►

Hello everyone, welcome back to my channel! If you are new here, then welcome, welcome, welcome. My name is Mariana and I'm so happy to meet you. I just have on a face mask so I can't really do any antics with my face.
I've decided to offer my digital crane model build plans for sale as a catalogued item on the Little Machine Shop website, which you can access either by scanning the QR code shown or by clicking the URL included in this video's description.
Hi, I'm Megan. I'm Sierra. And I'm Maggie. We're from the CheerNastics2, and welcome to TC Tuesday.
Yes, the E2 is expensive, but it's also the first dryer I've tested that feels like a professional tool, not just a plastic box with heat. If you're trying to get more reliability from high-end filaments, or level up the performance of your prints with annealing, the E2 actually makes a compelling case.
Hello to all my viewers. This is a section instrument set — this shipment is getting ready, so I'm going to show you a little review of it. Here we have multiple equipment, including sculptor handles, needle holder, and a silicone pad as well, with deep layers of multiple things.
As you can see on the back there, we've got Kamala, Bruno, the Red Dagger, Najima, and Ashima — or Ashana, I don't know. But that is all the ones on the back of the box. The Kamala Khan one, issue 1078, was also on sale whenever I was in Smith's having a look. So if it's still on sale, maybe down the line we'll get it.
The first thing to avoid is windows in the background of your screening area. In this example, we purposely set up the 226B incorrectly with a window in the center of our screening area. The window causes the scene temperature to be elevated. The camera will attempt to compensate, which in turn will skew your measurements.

◄
►

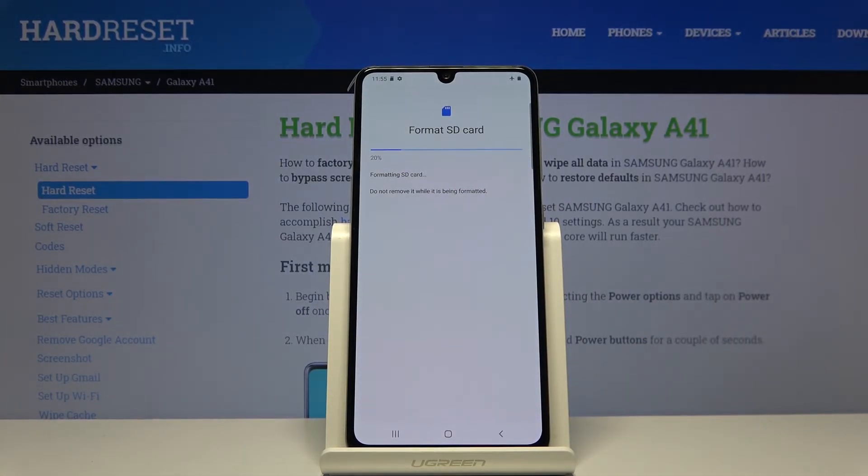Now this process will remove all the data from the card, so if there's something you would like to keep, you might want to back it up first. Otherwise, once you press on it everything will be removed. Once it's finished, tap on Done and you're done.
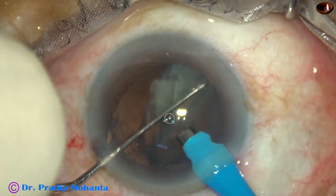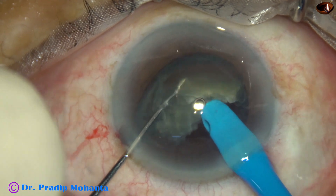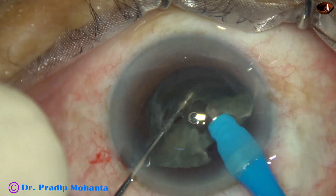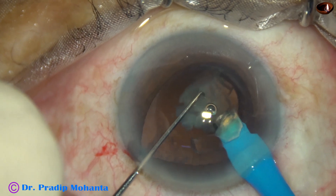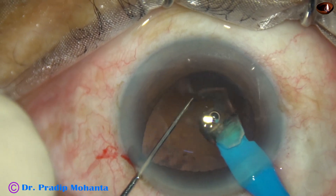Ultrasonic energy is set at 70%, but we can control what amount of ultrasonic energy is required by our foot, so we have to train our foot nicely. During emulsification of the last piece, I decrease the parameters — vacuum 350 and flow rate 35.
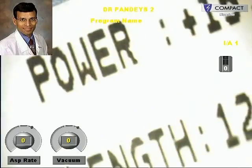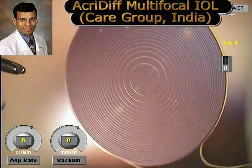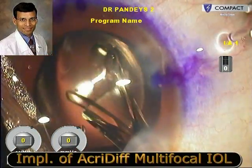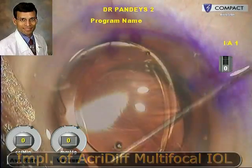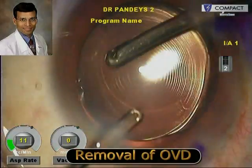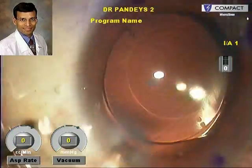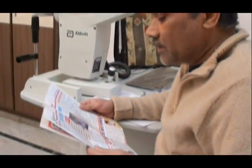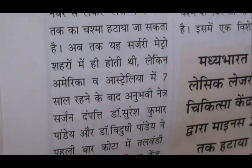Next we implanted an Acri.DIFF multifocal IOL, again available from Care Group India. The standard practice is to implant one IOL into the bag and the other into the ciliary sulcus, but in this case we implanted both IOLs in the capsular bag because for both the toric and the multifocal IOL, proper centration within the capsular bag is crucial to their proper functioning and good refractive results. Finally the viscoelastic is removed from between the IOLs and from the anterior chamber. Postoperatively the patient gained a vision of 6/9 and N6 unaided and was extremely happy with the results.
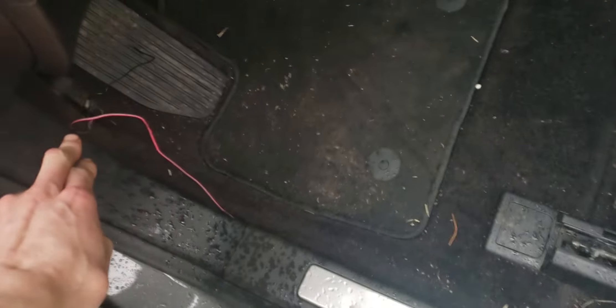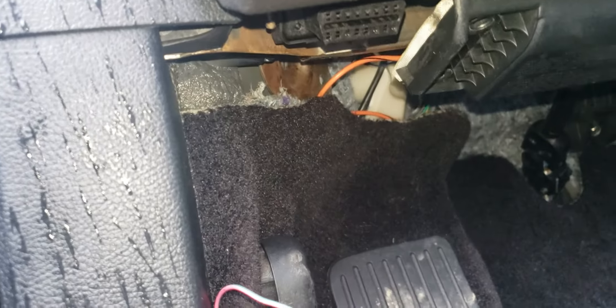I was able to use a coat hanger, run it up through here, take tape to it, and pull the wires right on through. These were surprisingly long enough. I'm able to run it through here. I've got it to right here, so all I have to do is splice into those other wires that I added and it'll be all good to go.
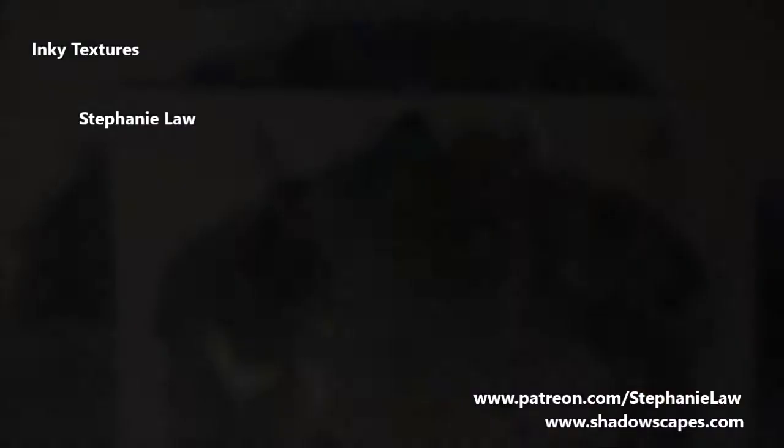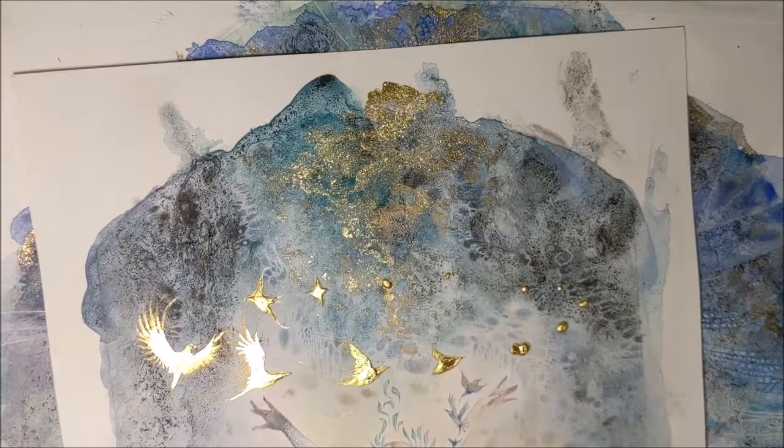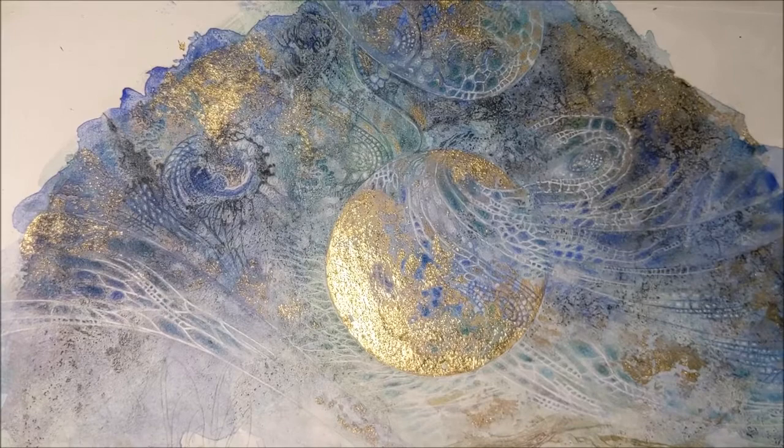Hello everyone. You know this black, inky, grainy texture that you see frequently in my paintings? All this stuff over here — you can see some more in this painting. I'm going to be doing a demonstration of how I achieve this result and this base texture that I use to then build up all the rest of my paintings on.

◄
►

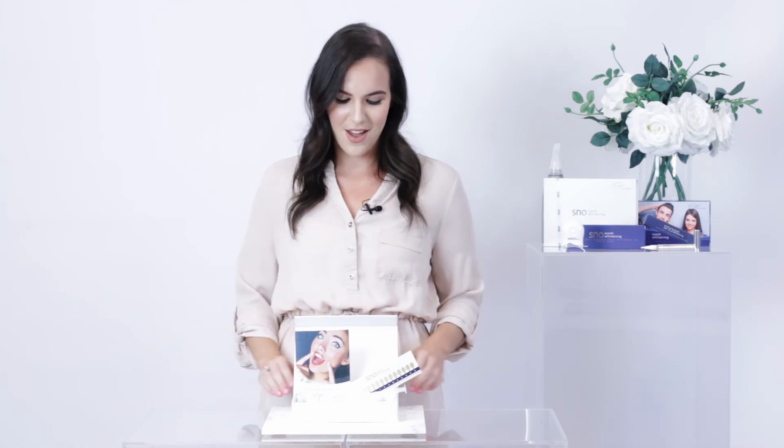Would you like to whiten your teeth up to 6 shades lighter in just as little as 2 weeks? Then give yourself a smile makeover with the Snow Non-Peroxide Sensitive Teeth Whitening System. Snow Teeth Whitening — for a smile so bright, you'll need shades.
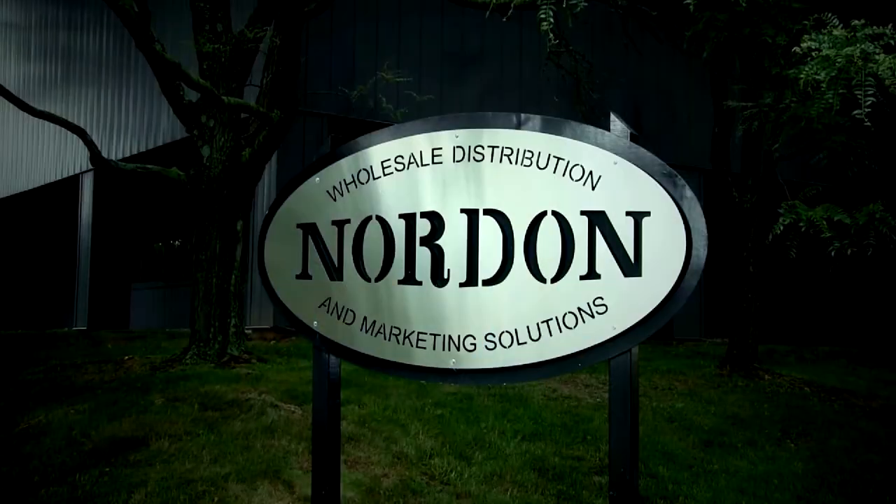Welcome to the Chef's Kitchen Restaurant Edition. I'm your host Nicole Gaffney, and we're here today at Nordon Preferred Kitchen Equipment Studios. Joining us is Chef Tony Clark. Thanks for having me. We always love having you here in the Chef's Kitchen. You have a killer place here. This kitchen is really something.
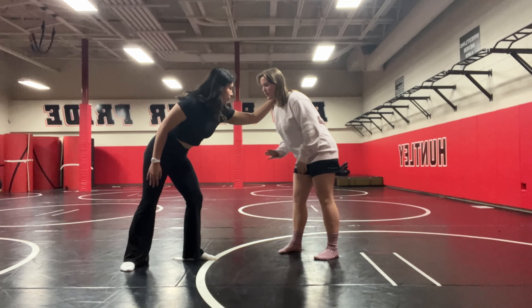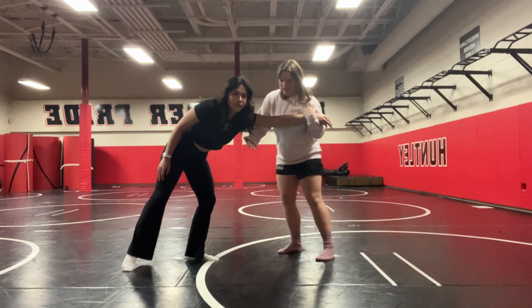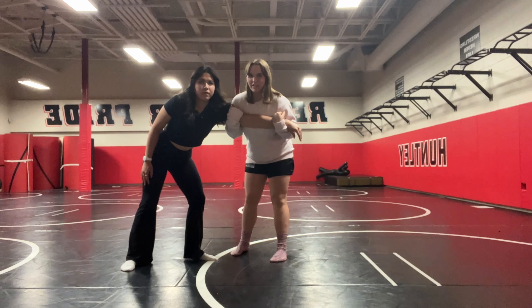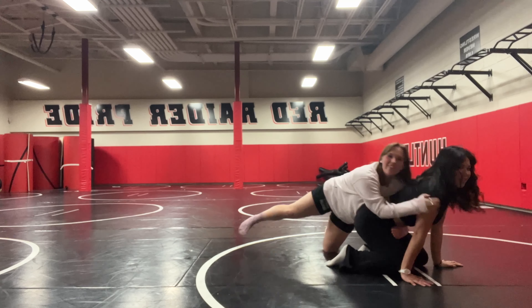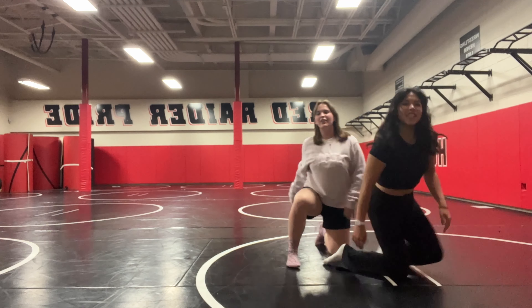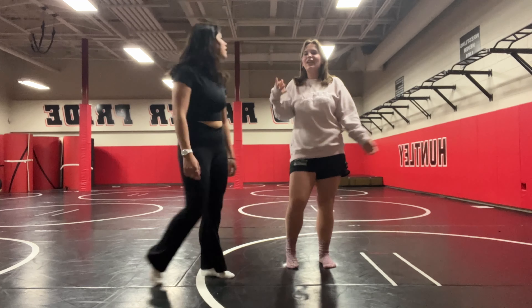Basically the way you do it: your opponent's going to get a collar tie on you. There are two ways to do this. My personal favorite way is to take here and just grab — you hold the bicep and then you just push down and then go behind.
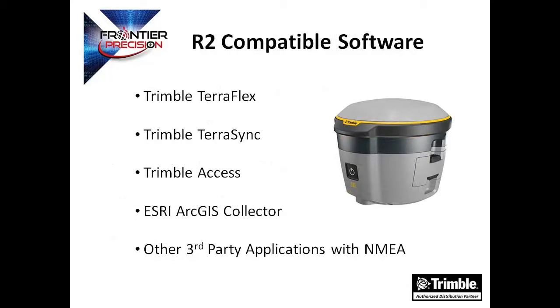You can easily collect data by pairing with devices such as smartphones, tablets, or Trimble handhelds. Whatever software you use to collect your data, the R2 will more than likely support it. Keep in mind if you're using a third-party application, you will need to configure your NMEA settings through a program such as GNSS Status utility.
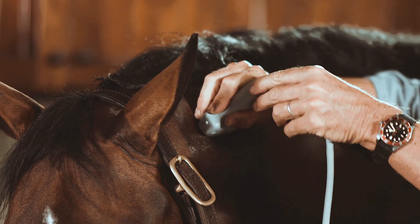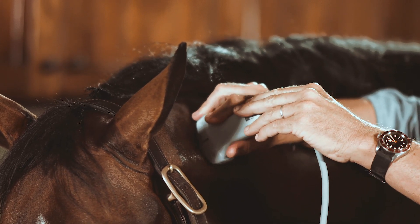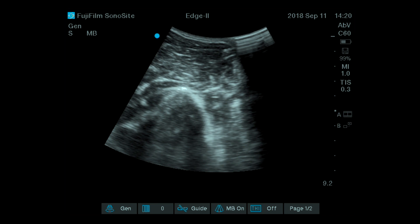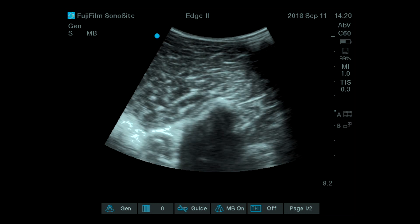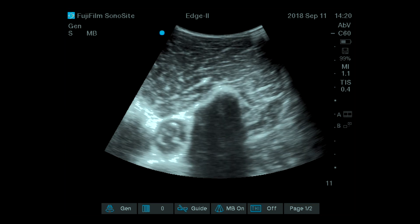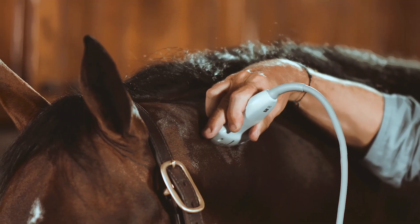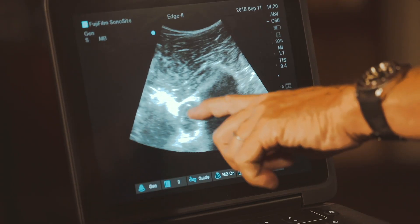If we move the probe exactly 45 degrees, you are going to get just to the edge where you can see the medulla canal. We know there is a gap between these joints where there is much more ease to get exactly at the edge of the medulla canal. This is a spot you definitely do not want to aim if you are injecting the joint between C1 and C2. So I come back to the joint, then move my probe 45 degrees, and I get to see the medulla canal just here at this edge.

◄

◆ Problem statement:
What is asked for is an exact copy of the lines above from the one containing "Hello everyone, welcome" through the one containing "As you can see", and only those.

◆ Exercise answer:
Hello everyone, welcome back to my channel! If you are new here, then welcome, welcome, welcome. My name is Mariana and I'm so happy to meet you. I just have on a face mask so I can't really do any antics with my face.
I've decided to offer my digital crane model build plans for sale as a catalogued item on the Little Machine Shop website, which you can access either by scanning the QR code shown or by clicking the URL included in this video's description.
Hi, I'm Megan. I'm Sierra. And I'm Maggie. We're from the CheerNastics2, and welcome to TC Tuesday.
Yes, the E2 is expensive, but it's also the first dryer I've tested that feels like a professional tool, not just a plastic box with heat. If you're trying to get more reliability from high-end filaments, or level up the performance of your prints with annealing, the E2 actually makes a compelling case.
Hello to all my viewers. This is a section instrument set — this shipment is getting ready, so I'm going to show you a little review of it. Here we have multiple equipment, including sculptor handles, needle holder, and a silicone pad as well, with deep layers of multiple things.
As you can see on the back there, we've got Kamala, Bruno, the Red Dagger, Najima, and Ashima — or Ashana, I don't know. But that is all the ones on the back of the box. The Kamala Khan one, issue 1078, was also on sale whenever I was in Smith's having a look. So if it's still on sale, maybe down the line we'll get it.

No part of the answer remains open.